他把这200多号人全部留在了张掖城外一处废弃的营房里。
营房没有铁丝网,只派了几个兵看着。
他专门交代伙房,每天按时送饭,不能克扣。
有十几个伤员伤口化脓,他让人从自己的医药储备里拿出磺胺粉,给红军换药。
磺胺在那个年代是稀缺品,连马家军自己都不够用。
被俘的红军一开始根本不敢相信。
他们以为这是猫捉老鼠的把戏,是慢性折磨。
有人把饭倒了,有人拒绝换药。
马禄没生气,也没强迫,他只是让手下继续送,继续治。
慢慢地,有人开始吃东西了,伤口也开始愈合了。
半个月后,这批人的体力恢复了大半。
马禄开始做下一步,他给值班的士兵下了暗示,晚上查哨松一点,营房大门别锁死。
那些红军都是老江湖了,一看就明白了。
一个深夜,200多人互相搀扶着,悄无声息地溜出了营房,消失在戈壁滩的夜色里。
马禄站在城墙上,远远地看着那群黑影往北走。
他没有下令追,也没有开枪。
他就那么站着,直到最后一个人影看不见。
这件事如果传出去,马禄大概率要掉脑袋。
在那个年代,私放红军俘虏是死罪。
他谁都没告诉,把这件事烂在了肚子里。
他后来跟着部队去抗日了,1946年病死。
正史上关于他的记载只有寥寥几笔,连个像样的传记都没有。
但这200多人的命,是他用脑袋担保换回来的。
西路军那一仗打完,活下来的不到400人。
这200多号人能逃出去,后来有的回了延安,有的在西北安了家,生了孩子,活到了新中国。

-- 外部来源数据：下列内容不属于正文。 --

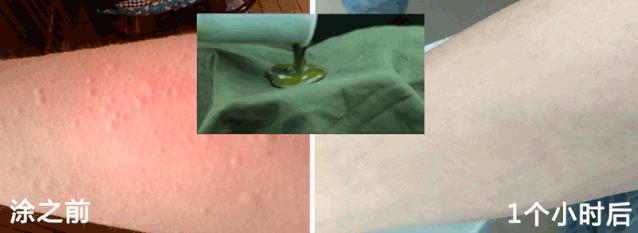 湿疹性皮炎最简单的自愈方法,全身都痒皮炎湿疹最好的治疗方法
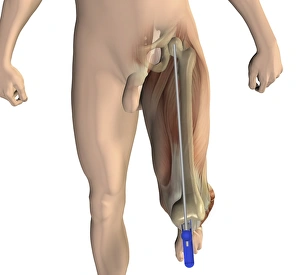 Osteoarthritis Treatment Options Prints: Knee replacement alignment, artwork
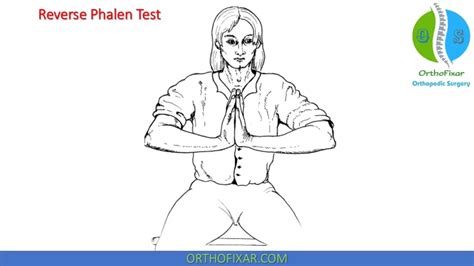 Phalen & Reverse Phalen Test | OrthoFixar 2024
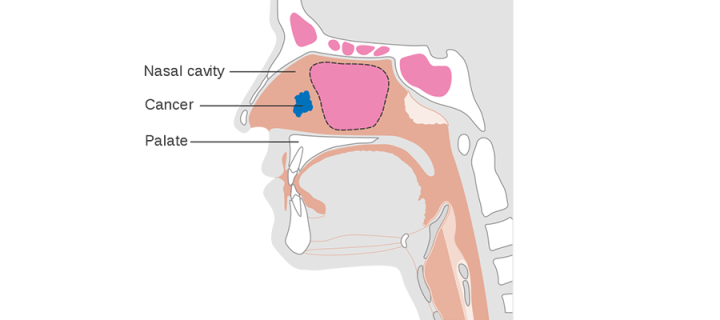 Diagram showing stage T1 nasal cancer 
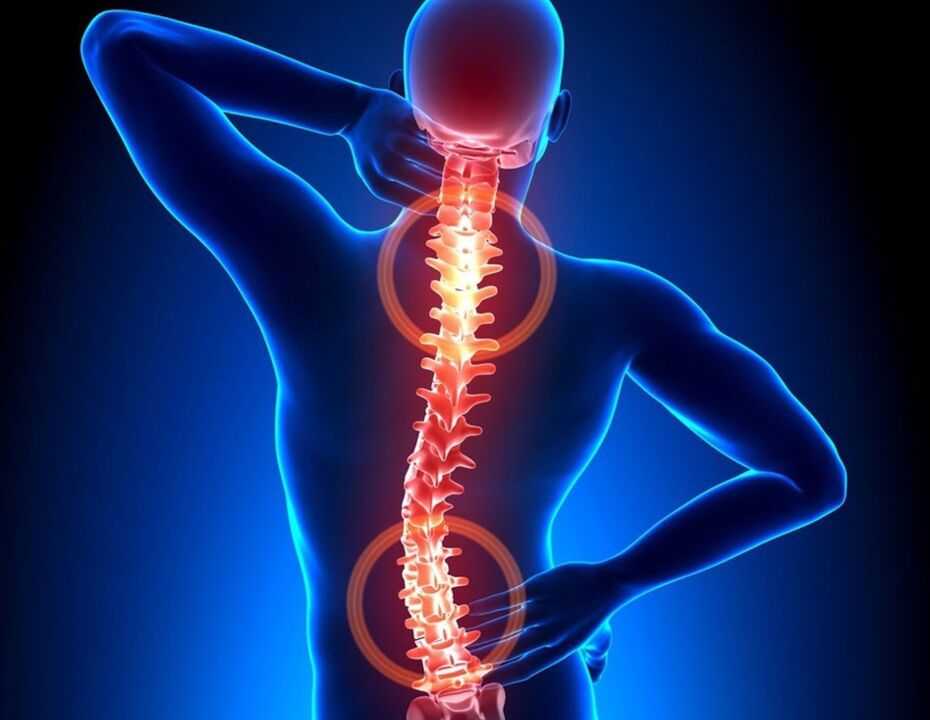 Osteocondritis de la columna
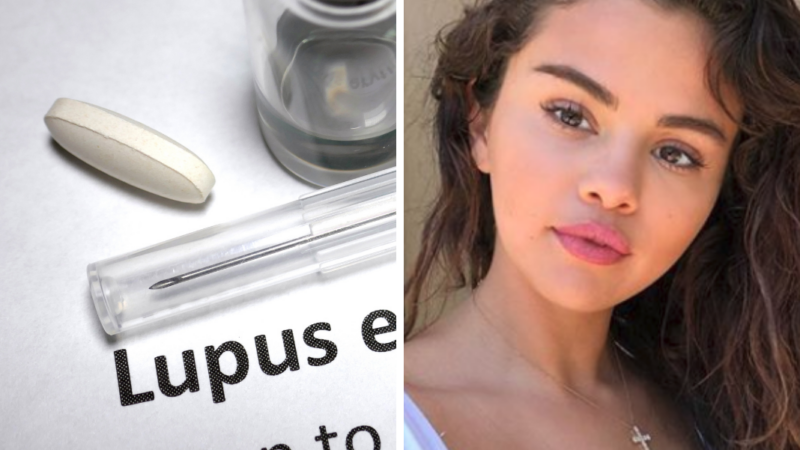 Lupus: la enfermedad autoinmune que afecta principalmente a mujeres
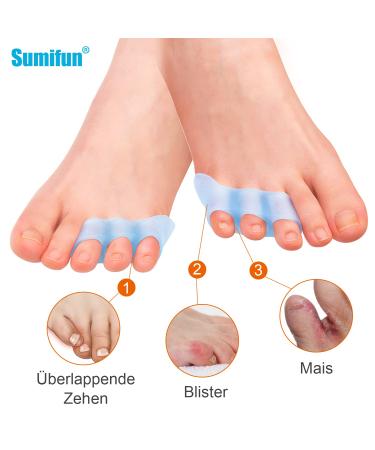 Sumifun Gel Toe Spreader - 10x Small Toe Protection for Overlapping & Curled Toes | Blue Gel Separator for Friction Pain Relief - Buy Online on GoSupps.com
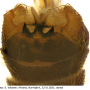 Dolichopeza (Dolichopeza) bifida : hypopygium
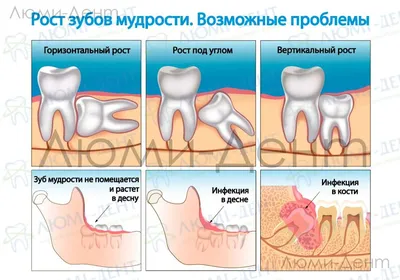 Режутся ли зубки? — 7 ответов | форум Babyblog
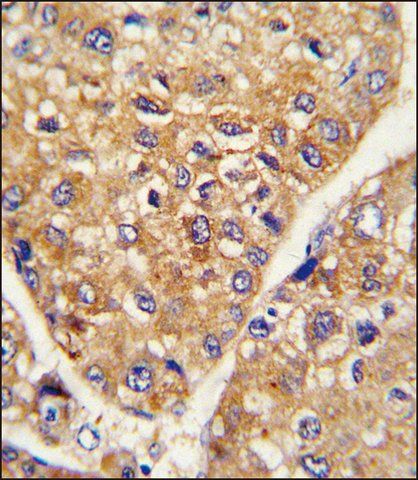 ANTI-GARP (CENTER) antibody produced in rabbit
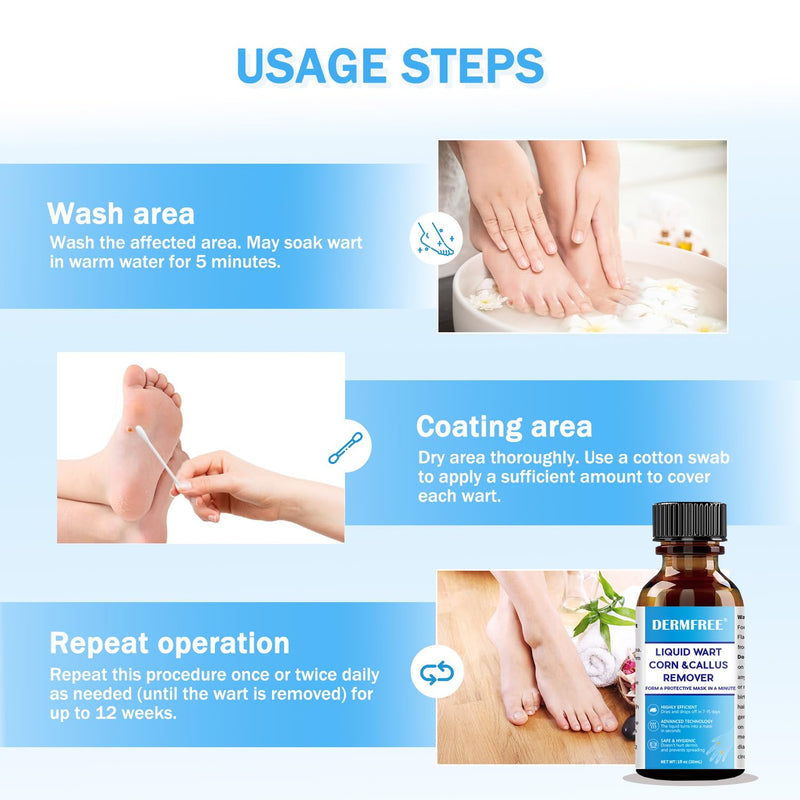 [Australia] - LIGUID WART Remover,Fast Action Wart Remover,Wart Liquid with Salicylic Acid, Plantar Wart, Common Wart, Flat Wart,Corn, Callus,1floz(30mL) 1 bottle 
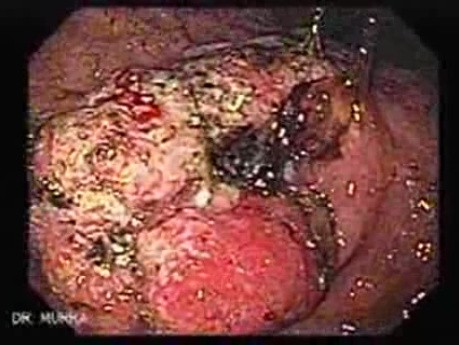 Rak gruczołowy jamy odźwiernikowej (1 z 5)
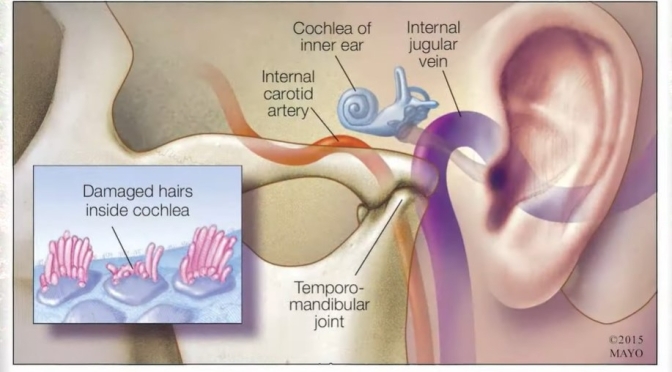 Ear Health: Diagnosing And Managing ‘Tinnitus’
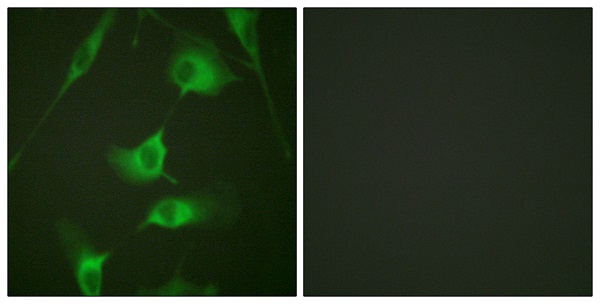 Immunocytochemistry/ Immunofluorescence - Anti-Cytokeratin 8 antibody (AB59400)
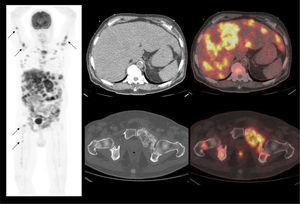 Carcinoma urotelial metastásico. Extenso compromiso metastásico óseo, hepático y peritoneal. Nótese las múltiples localizaciones secundarias en huesos largos en la imagen de MIP (flechas).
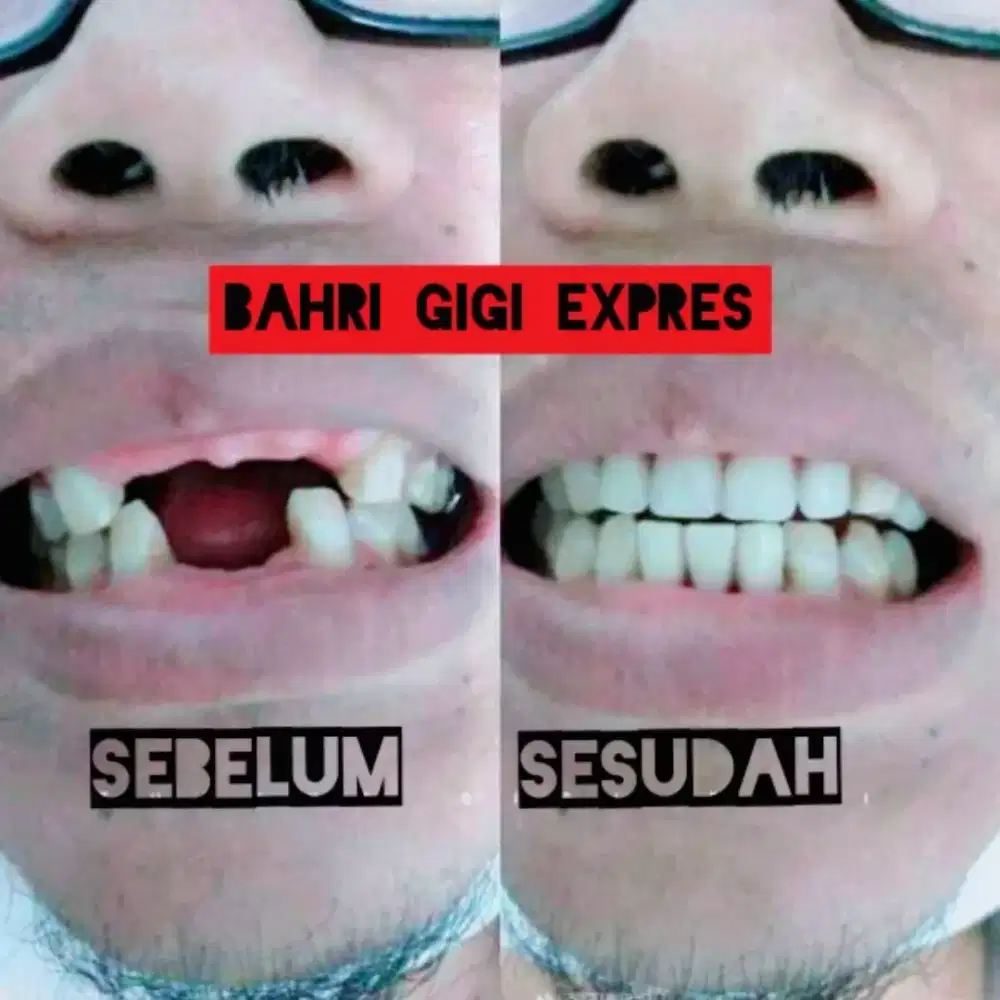 Pasang gigi palsu terjangkau bergaransi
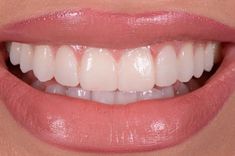 Teeth Claims For Dr, Dream Teeth, Smile White Teeth, Smile Tips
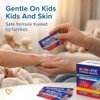Gel Quemaduras Burnfix Por Sobre Crema Hidrogel Calmante Una Sensación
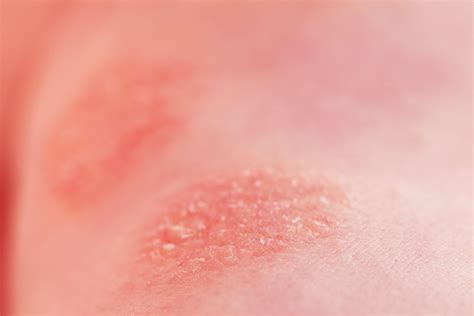 Chocolate allergy: causes, treatments and prevention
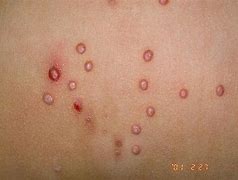 Image result for Molluscum Contagiosum Virus Pens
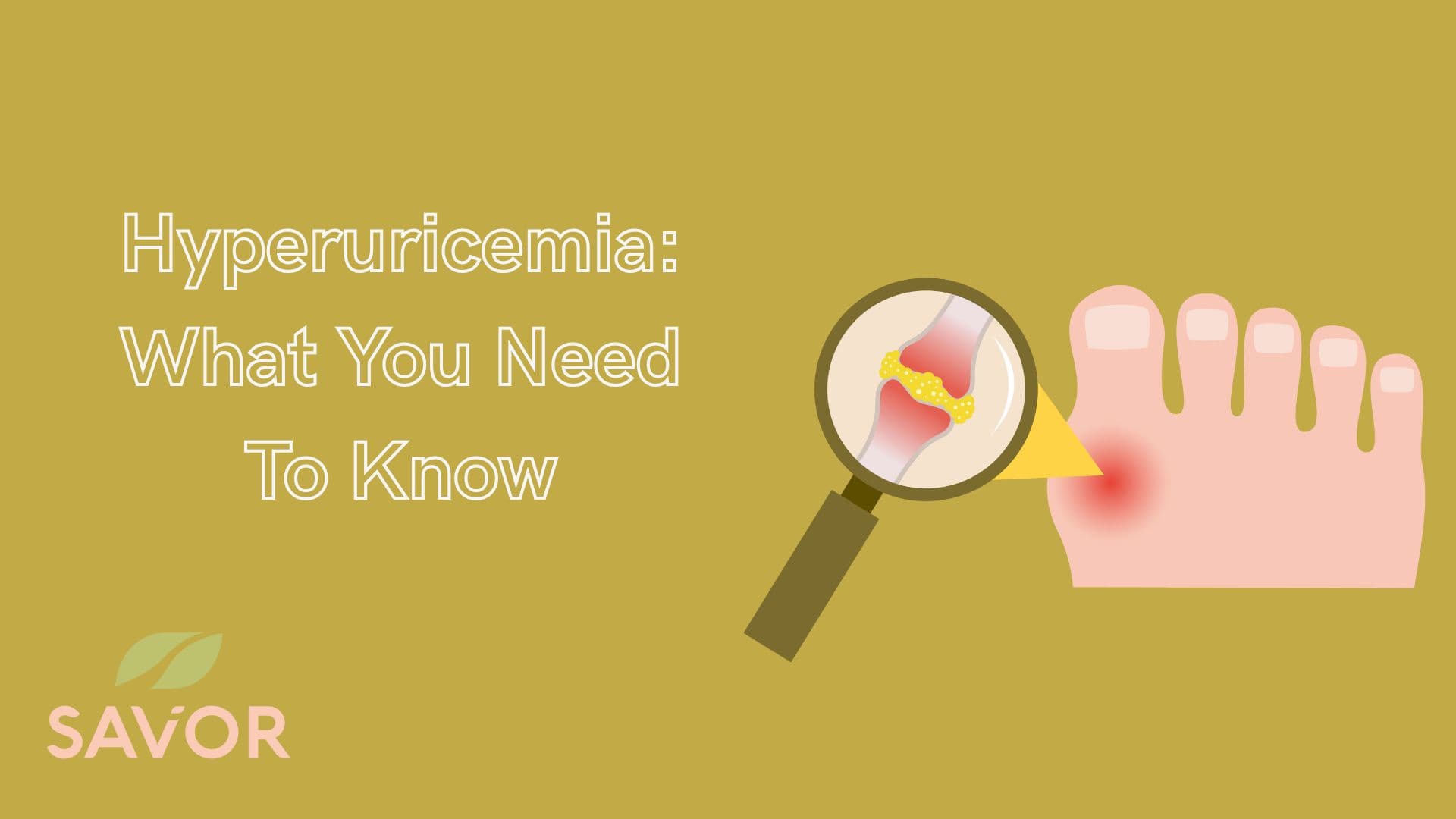 Hyperuricemia: What You Need To Know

他们可能一辈子都不知道马禄全名叫什么,但他们的命是他给的。
在我看来,马禄这个人,不是什么英雄,也不是什么好人。
他是一个旧军阀,手上沾过红军的血,也替马家军打过仗。
但他身上有一种东西,比立场更底层,比主义更原始,那就是知恩图报。
他没有因为仇恨就忘了人家不杀他的恩情,也没有因为怕死就跟着杀俘。
在一个所有人都疯了的战场上,他保留了一点点做人的底线。
这200多条命,就是这条底线换来的。
历史书上不会给他写浓墨重彩的一笔,但这200多个家庭,每一个都该记得他。
真正的善良,不一定来自崇高,有时候就来自一个普通人记得自己欠过别人一条命。